(DATA RECORDS Opens)
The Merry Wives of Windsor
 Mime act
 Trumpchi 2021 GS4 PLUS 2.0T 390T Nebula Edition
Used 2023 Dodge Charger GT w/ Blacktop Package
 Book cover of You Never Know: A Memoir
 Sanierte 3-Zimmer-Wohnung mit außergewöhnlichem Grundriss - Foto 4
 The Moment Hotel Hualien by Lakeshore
(DATA RECORDS Closes)
# YOUR ASSIGNMENT:
Reproduce each line above exactly.

# EXERCISE ANSWER:
The Merry Wives of Windsor
 Mime act
 Trumpchi 2021 GS4 PLUS 2.0T 390T Nebula Edition
Used 2023 Dodge Charger GT w/ Blacktop Package
 Book cover of You Never Know: A Memoir
 Sanierte 3-Zimmer-Wohnung mit außergewöhnlichem Grundriss - Foto 4
 The Moment Hotel Hualien by Lakeshore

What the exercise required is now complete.